I’ve recently discussed two trends in military technology. The week before lasts’ post on the 1990s non-revolution in military affairs argued that low-tech adversaries simply make themselves scarce when faced with a technologically superior foe. Before that I discussed the impact on the survivability of expensive top-end platforms of the new generation of long range sensors and weapons.
The former observations apply to the asymmetric campaigns that western forces have fought over the past 15 years in the Middle East. The latter apply in the ‘anti-access/area denial’ world of future major power conflict. It should be worrying for planners of future force structures that exquisitely capable but increasingly expensive high-end platforms don’t look to have a decisive role in either.

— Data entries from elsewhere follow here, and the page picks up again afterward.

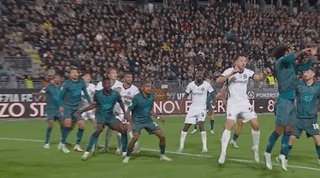 1793236327375080894.gif 英国威廉集团相关图片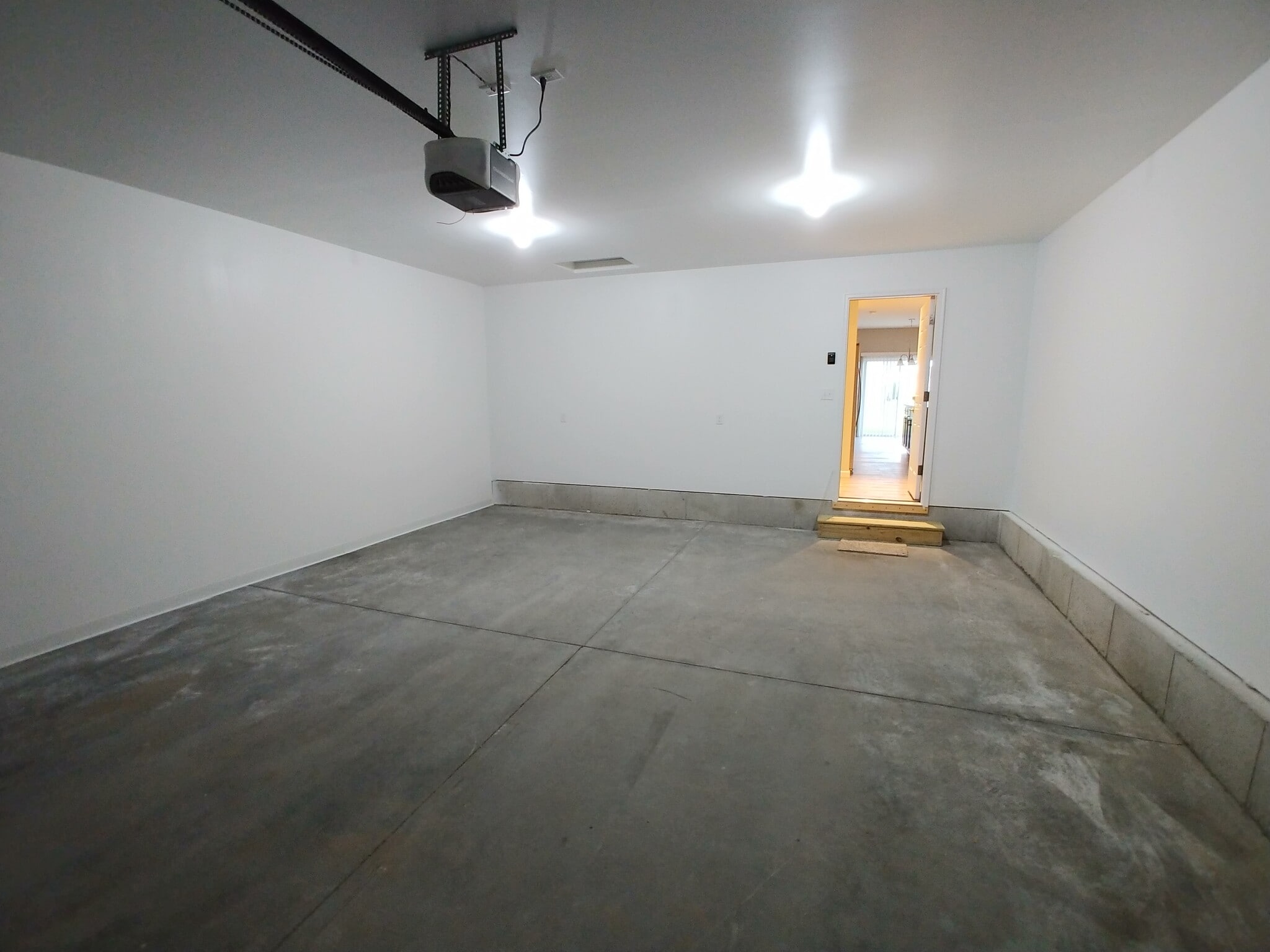 Building Photo - 7320 Chucks Way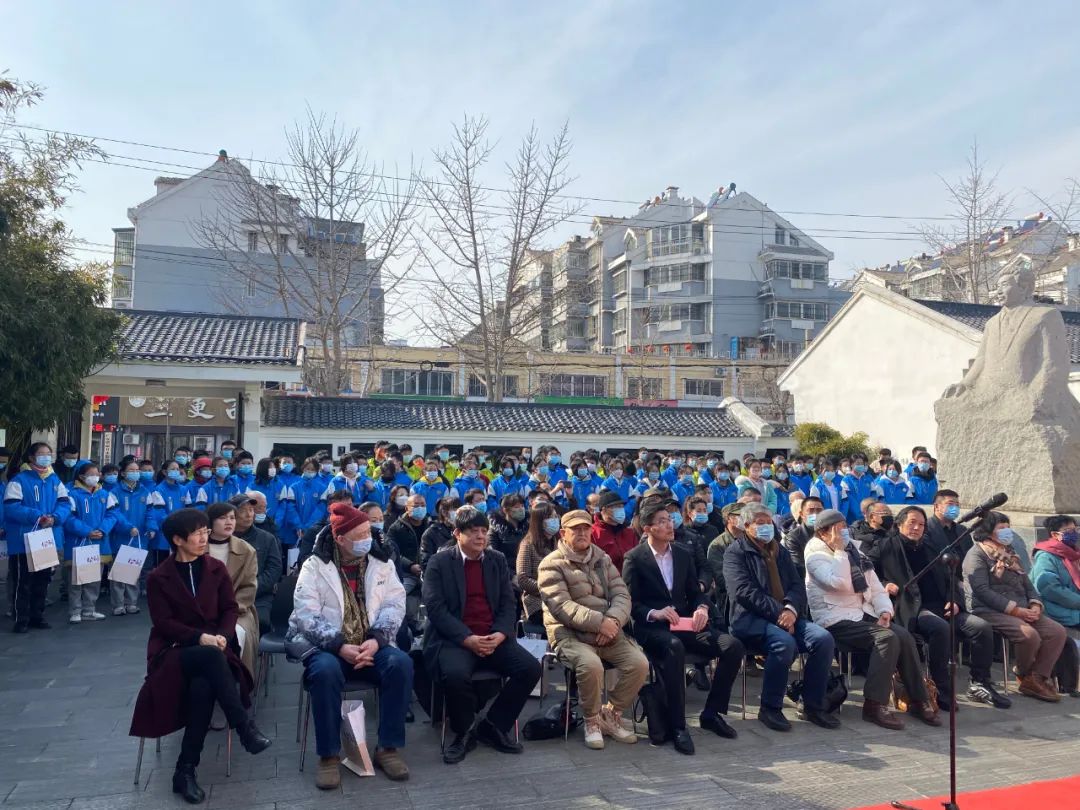 “咏梅——李兆虬中国画展”在枣庄滕州盛大开幕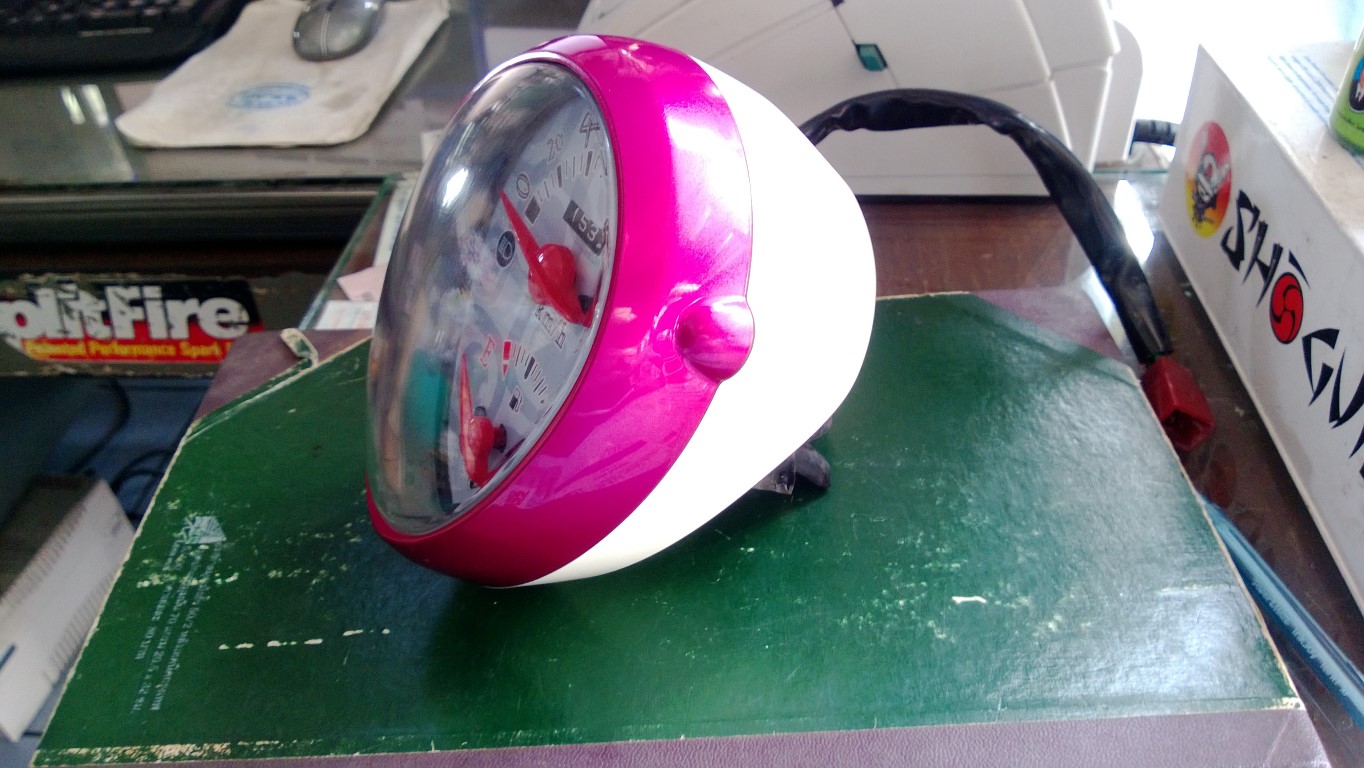 เรือนไมล์ Yamaha Fino Fasion สีชมพู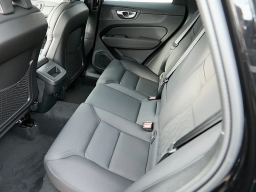 Volvo XC60 Plus B5 AWD 2026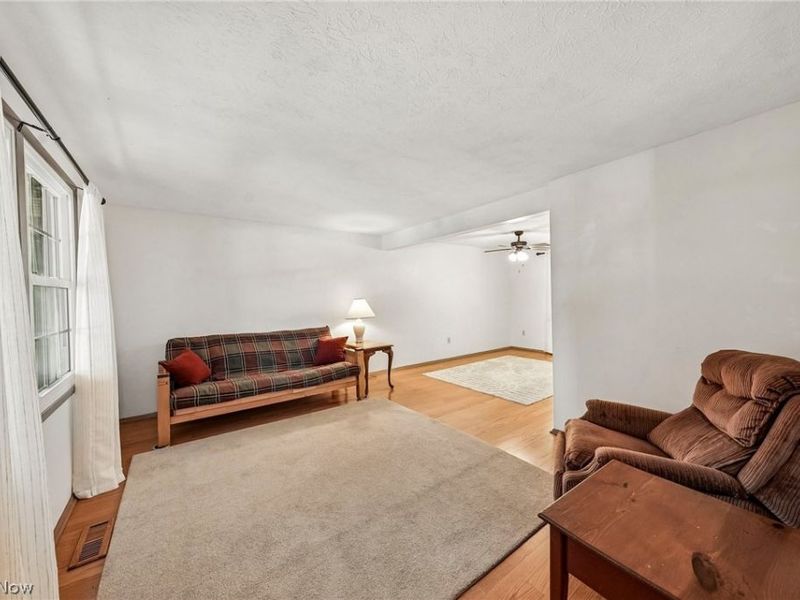 95 River Park Boulevard, Munroe Falls, OH 44262 Photo 5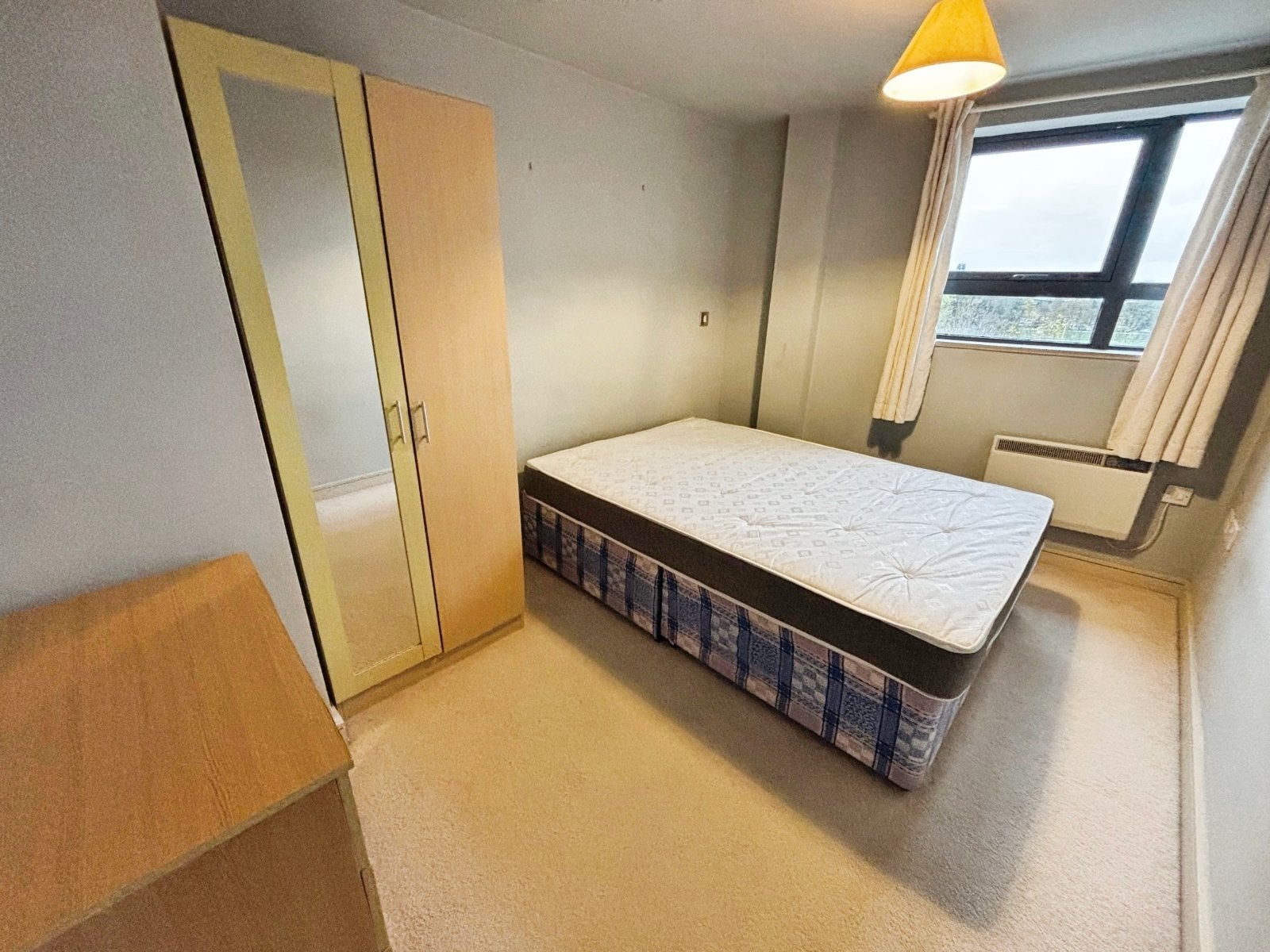 Flat Wilmslow Road in Manchester
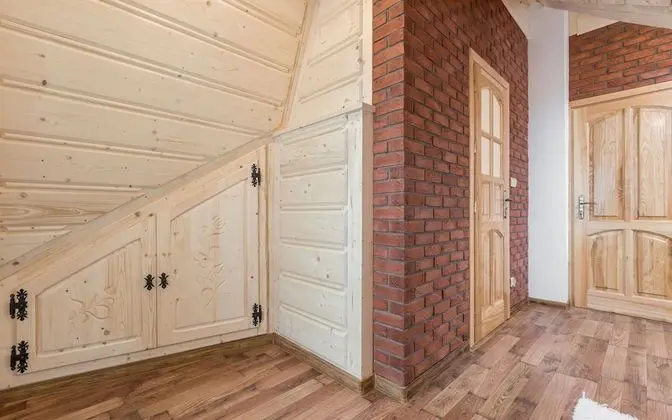 Tek Büyük Yataklı Oda (Attic)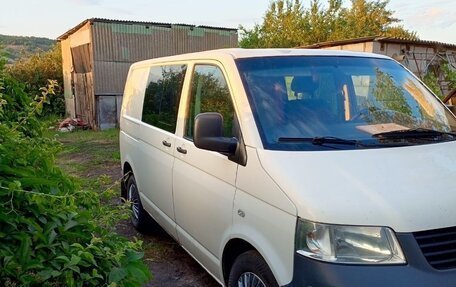 Volkswagen Transporter T5 рестайлинг, 2003 год, 650 000 рублей, 2 фотография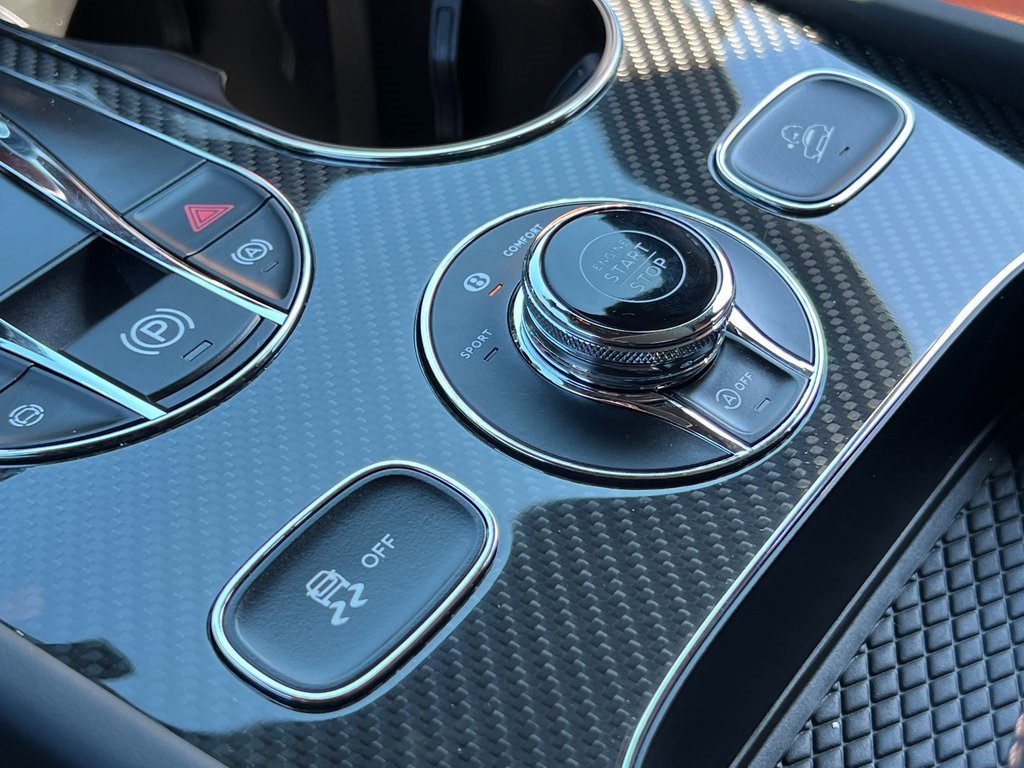 Certified 2025 Bentley Bentayga image 42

But somewhere in between there’s the ‘just right’ campaign, where those platforms are exactly what’s required. That includes the 1991 Gulf War and the NATO contribution to the Kosovo campaign in 1998–99. In both cases western forces avoided exposure to insurgency because they weren’t involved in extended ground campaigns. And Iraq and Serbia’s air defence capabilities didn’t seriously trouble American-led air power.
It was a grand time for advocates of air power. I sat through many a presentation of the virtues of bloodless (for the winners) achievement of strategic aims through precision strike. The trouble is that the 1990s, when that mindset was at its strongest and the worship of airpower reached its zenith, doesn’t look much like today’s world.
The post 2003 insurgency in Iraq was only put down by the many boots on the ground of the 2007 ‘surge’. And, as we know now, it left behind a very fragile environment, creating space for a hideous new hybrid actor in the form of ISIL. Russia is showing that state-backed hard power still plays a role in international affairs and it’s seriously rattling European notions of post Cold War peace. In the Pacific theatre the United States is facing an ever more challenging access environment as China builds its military power, especially numerous missile systems designed to keep American naval power at arm’s length.
Insurgencies and anti-access systems are both asymmetric in the sense that they don’t tackle the strengths of western forces head on. They’re post-RMA strategies that blunt the advantages otherwise conferred by sophisticated weapon systems. Neither are a new idea; the Viet Cong successfully adopted guerilla tactics against a much more powerful United States half a century ago and Egypt’s asymmetric approach to Israeli air power and armour in 1973 achieved their goals.
There are two possible responses to the contemporary versions of these challenges. The first is to push on and develop ever more elaborate platforms to maintain a technological edge. There are numerous downsides to that idea. It will require better defensive suites to allow the platforms to get close enough to do their job, with commensurate cost and weight penalties. The R&D will take ever longer, if the 19 years and counting of the F-35 wasn’t enough. And there’s always the risk that we’d be deep into diminishing returns, as adversaries think up new asymmetric responses (not least of which the ‘swarming’ of major platforms by large numbers of much cheaper systems), steal the technology for themselves, or both.
I think the better answer is summed up in the old saying about the relative merits of not beating them and joining them. If the adversaries are using long-range sensor and weapon systems on one hand and dispersion on the other, it suggests a new approach that takes the best of both worlds. Major platforms of the future mightn’t deliver end effects themselves, but a swarm of smaller sub-systems that by virtue of numbers could provide area coverage for ISR, persistence in the battlespace and, when called together, locally outnumber even sophisticated defences.
The sub-systems could be networked together, and in the future Moore’s Law will probably enable autonomous systems. In short, the future of military power might be R2-D2s rather than Death Stars (PDF):
‘Just as the Death Stars’ vulnerability and inadequacy are perfectly realistic, the superior operational performance of a simple droid corresponds to real-life experience. Time and again, war-winning weapons tend to be simple, inexpensive and small.’
The author of that piece could usefully have added ‘and numerous’ at the end there, but the rest of the sentiment is right. The resultant force mightn’t look as impressive as today’s—perhaps a problem for peacetime ‘presence’ and alliance assurance—but it’ll be more effective when it counts.
Two things will be required to make that future a reality. First, the temptation to make the sub-systems as capable as possible will have to be resisted—that way awaits further R&D, cost and schedule problems. Second—and more difficult to achieve—is the need for military planners to give up on Death Stars. If recent reports on the RAN’s frigate plans are to be believed, there’s a fair way to go yet.